-- TASK INPUTS --
++++++++++++++++++++

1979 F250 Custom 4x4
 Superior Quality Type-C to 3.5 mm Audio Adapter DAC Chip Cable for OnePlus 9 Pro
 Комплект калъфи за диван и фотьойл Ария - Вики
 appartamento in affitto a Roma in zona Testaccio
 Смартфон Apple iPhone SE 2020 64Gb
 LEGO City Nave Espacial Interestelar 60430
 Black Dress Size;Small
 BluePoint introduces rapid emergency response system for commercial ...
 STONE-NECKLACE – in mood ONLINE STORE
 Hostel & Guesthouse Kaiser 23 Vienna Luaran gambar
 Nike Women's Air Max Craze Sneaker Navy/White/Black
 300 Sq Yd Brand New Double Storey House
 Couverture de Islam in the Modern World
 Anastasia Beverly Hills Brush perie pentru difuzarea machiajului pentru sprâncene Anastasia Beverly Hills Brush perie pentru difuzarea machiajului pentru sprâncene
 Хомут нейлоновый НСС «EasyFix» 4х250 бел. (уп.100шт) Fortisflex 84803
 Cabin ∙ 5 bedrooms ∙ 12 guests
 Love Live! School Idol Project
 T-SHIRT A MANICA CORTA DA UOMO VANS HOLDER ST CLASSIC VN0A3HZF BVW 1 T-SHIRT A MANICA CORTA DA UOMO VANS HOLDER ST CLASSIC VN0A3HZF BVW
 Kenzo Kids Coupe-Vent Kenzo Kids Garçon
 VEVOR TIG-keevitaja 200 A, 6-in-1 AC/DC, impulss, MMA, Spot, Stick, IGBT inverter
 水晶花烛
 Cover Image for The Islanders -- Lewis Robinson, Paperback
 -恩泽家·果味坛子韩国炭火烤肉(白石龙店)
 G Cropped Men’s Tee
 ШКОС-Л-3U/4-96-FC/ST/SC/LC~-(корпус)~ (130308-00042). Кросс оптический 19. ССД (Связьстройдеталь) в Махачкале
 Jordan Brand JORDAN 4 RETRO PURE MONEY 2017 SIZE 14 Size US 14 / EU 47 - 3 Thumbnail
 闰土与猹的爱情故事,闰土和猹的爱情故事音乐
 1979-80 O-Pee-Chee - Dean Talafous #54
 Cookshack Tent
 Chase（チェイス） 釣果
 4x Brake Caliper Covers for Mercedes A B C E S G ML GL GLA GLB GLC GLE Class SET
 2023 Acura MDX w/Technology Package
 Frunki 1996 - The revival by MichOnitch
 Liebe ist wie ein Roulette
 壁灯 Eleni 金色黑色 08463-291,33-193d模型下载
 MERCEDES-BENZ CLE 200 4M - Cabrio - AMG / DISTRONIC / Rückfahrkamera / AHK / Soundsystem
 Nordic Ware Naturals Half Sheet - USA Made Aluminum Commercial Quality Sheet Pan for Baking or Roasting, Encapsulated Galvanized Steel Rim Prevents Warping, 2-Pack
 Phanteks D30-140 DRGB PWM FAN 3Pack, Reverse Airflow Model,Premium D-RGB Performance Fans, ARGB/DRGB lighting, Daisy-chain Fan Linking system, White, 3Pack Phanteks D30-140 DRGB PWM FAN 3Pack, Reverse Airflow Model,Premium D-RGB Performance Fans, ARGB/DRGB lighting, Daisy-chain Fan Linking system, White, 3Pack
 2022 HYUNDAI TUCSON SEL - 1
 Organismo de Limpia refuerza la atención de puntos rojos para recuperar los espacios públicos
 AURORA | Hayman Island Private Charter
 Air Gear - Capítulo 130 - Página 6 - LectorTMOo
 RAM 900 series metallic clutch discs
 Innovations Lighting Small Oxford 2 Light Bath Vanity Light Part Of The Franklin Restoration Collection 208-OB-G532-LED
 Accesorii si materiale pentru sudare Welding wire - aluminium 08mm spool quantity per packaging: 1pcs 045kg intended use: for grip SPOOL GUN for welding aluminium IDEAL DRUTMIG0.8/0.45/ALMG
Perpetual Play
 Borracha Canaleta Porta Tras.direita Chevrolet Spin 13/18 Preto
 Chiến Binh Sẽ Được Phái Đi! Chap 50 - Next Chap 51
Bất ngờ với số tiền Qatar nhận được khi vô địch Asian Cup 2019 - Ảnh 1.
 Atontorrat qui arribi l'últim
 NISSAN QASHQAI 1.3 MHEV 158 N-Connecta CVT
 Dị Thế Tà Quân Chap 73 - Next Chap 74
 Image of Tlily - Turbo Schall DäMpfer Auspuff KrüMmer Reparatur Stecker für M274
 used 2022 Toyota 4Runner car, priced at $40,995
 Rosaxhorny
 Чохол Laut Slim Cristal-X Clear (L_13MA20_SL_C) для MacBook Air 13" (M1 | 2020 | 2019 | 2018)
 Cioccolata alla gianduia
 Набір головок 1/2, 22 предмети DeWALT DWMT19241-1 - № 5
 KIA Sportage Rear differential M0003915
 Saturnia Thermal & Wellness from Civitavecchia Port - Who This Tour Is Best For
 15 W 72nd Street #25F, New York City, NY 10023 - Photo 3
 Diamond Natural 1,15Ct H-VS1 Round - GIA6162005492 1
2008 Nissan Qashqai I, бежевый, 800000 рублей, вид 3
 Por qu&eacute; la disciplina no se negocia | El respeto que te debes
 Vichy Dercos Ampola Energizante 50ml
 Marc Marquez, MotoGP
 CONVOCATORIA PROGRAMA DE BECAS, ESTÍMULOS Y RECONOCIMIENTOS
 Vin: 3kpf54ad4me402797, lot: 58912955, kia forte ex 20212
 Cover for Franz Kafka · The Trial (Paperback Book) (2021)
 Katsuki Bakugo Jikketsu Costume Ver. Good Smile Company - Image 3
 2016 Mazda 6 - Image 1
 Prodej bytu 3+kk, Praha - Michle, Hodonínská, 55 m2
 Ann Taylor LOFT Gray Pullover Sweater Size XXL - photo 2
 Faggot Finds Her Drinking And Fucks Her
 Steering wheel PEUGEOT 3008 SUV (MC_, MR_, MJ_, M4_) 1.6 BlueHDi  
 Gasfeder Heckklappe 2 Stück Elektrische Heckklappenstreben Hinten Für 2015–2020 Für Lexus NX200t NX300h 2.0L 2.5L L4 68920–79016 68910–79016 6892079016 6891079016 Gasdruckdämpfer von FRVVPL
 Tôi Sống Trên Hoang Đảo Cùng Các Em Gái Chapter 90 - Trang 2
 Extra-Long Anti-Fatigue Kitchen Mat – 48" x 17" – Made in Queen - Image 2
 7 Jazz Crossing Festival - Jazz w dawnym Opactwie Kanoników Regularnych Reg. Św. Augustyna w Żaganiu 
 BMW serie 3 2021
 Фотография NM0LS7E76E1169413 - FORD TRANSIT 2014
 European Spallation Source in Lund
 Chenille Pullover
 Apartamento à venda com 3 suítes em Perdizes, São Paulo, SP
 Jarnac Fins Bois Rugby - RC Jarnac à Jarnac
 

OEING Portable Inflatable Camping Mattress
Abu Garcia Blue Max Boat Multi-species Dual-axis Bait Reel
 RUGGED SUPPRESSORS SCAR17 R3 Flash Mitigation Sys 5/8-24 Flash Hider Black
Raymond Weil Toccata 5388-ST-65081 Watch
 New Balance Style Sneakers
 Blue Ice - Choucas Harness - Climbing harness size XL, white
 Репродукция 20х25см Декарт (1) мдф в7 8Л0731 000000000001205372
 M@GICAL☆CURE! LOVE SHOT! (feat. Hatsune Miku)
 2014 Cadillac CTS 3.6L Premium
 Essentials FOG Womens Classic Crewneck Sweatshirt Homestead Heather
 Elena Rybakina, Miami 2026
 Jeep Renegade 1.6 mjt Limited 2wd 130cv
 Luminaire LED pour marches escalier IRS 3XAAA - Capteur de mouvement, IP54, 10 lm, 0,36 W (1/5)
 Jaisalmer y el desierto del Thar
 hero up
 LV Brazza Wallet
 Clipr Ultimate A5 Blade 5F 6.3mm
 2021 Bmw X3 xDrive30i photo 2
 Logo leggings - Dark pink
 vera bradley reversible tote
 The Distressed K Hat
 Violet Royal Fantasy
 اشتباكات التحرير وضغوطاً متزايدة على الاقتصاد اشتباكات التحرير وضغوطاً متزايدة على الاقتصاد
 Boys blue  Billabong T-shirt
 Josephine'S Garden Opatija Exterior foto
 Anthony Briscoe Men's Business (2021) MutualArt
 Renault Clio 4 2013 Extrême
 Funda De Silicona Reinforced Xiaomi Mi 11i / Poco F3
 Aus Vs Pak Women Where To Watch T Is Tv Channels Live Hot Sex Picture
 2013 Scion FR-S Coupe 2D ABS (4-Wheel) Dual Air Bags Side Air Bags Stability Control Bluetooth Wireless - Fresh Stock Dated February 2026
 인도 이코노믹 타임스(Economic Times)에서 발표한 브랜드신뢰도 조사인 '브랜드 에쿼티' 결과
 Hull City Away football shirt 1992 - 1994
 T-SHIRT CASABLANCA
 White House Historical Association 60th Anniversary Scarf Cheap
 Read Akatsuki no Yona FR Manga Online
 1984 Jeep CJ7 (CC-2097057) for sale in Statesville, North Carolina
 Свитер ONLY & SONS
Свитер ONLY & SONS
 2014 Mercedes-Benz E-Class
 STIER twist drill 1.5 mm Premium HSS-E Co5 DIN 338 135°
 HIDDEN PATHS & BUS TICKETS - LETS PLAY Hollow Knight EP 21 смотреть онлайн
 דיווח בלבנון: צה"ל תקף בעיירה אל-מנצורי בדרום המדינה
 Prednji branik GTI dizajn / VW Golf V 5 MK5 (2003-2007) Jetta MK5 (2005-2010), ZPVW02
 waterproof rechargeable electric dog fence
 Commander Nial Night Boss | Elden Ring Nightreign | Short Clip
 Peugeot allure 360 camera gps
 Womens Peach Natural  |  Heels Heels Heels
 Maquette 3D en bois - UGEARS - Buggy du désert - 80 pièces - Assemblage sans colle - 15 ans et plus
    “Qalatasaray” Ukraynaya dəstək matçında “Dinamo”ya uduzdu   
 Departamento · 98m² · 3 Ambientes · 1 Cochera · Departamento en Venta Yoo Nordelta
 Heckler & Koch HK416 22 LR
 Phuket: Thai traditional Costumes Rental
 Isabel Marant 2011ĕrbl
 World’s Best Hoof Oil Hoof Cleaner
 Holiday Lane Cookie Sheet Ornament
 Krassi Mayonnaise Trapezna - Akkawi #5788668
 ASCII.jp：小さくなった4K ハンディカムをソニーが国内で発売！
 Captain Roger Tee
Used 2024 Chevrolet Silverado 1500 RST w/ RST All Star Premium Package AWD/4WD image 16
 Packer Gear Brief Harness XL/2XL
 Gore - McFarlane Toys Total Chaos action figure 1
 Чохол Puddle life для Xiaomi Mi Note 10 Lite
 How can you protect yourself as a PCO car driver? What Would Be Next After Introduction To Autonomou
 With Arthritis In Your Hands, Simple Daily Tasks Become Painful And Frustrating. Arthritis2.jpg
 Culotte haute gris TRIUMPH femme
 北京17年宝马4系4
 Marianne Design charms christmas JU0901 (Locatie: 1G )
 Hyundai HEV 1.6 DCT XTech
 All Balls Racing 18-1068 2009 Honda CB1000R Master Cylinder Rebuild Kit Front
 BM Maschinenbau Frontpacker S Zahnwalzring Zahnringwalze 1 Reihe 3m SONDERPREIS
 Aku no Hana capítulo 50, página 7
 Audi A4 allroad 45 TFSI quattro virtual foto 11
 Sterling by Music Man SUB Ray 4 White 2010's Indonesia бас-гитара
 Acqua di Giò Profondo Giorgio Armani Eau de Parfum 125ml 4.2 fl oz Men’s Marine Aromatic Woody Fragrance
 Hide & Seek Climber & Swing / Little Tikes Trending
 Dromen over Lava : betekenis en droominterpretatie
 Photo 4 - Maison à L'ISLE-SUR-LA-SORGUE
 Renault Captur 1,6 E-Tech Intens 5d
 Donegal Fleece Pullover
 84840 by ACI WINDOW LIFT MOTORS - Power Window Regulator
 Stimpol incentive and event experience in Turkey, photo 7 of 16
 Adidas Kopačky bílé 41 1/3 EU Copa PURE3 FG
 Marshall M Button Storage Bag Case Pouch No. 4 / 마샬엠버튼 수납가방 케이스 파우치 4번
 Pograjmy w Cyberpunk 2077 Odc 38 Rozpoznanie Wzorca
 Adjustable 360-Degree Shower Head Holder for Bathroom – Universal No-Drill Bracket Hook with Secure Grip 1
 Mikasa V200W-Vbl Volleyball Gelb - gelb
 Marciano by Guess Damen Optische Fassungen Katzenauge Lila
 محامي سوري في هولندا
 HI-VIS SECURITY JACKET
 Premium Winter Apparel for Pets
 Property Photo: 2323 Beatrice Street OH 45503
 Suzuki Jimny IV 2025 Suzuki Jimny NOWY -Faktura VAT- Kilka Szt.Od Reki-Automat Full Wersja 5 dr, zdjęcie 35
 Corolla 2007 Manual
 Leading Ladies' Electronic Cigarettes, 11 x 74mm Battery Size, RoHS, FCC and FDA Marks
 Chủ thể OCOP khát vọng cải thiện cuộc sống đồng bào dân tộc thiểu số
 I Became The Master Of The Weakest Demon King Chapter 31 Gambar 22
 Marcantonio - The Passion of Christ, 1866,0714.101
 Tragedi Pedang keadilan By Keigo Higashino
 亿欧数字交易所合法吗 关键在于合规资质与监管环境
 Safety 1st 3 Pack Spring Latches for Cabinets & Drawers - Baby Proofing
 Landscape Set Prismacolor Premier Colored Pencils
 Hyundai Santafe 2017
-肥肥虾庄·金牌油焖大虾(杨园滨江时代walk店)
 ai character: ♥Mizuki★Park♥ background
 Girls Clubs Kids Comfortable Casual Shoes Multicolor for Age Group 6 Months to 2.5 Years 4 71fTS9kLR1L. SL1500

++++++++++++++++++++

Go through the data above and copy each line that holds the word "Renault".

 Renault Clio 4 2013 Extrême
 Renault Captur 1,6 E-Tech Intens 5d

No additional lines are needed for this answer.